Eğer hayata kast eylemini gerçekleştiren eşin akıl sağlığı yerinde değilse, bu durum TMK’nın 162. maddesi kapsamında değerlendirilmez. Bu durumda, şartları varsa TMK’nın 165. maddesi uyarınca akıl hastalığı nedeniyle boşanma davası açılabilir. Ancak, eşin kendi kusuruyla geçici olarak akıl sağlığını kaybetmesi durumunda TMK 162 uygulanabilir.
Hayata kast sebebiyle boşanma davasında avukat tutmak zorunlu mudur?
Türk hukukunda boşanma davalarında avukat tutmak zorunlu değildir. Ancak, hayata kast gibi ciddi iddiaların yer aldığı çekişmeli boşanma davaları hukuki bilgi ve deneyim gerektirdiğinden, hak kaybı yaşamamak için bir avukattan hukuki destek almak önemlidir. Maddi durumu yetersiz olan kişiler, barodan adli yardım talebinde bulunarak ücretsiz avukat talep edebilirler.
Hayata kast eylemi suç mudur?
Evet, hayata kast eylemi sadece bir boşanma sebebi olmakla kalmaz, aynı zamanda Türk Ceza Kanunu’na göre suç teşkil eder. Bu nedenle, hayatına kastedilen eş, boşanma davası açmanın yanı sıra fail eş hakkında savcılığa suç duyurusunda da bulunabilir.
Hayata kast sebebiyle boşanma davasında tanık dinlenir mi?

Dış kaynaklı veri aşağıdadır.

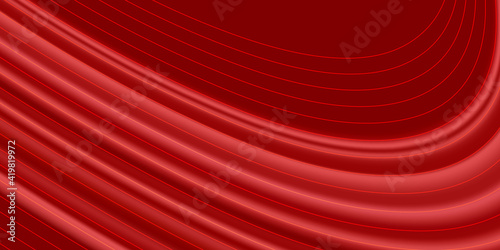 Red curtain and theatre stage. Theatre curtain vector illustration.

Evet, hayata kast sebebiyle açılan boşanma davalarında tanık dinlenmesi mümkündür ve sıklıkla başvurulan bir yöntemdir. Olayı gören veya tarafların ilişkileri hakkında bilgi sahibi olan kişiler mahkemede tanık olarak dinlenebilirler. Tanık ifadeleri, iddiaların ispatlanması açısından önemli bir rol oynayabilir.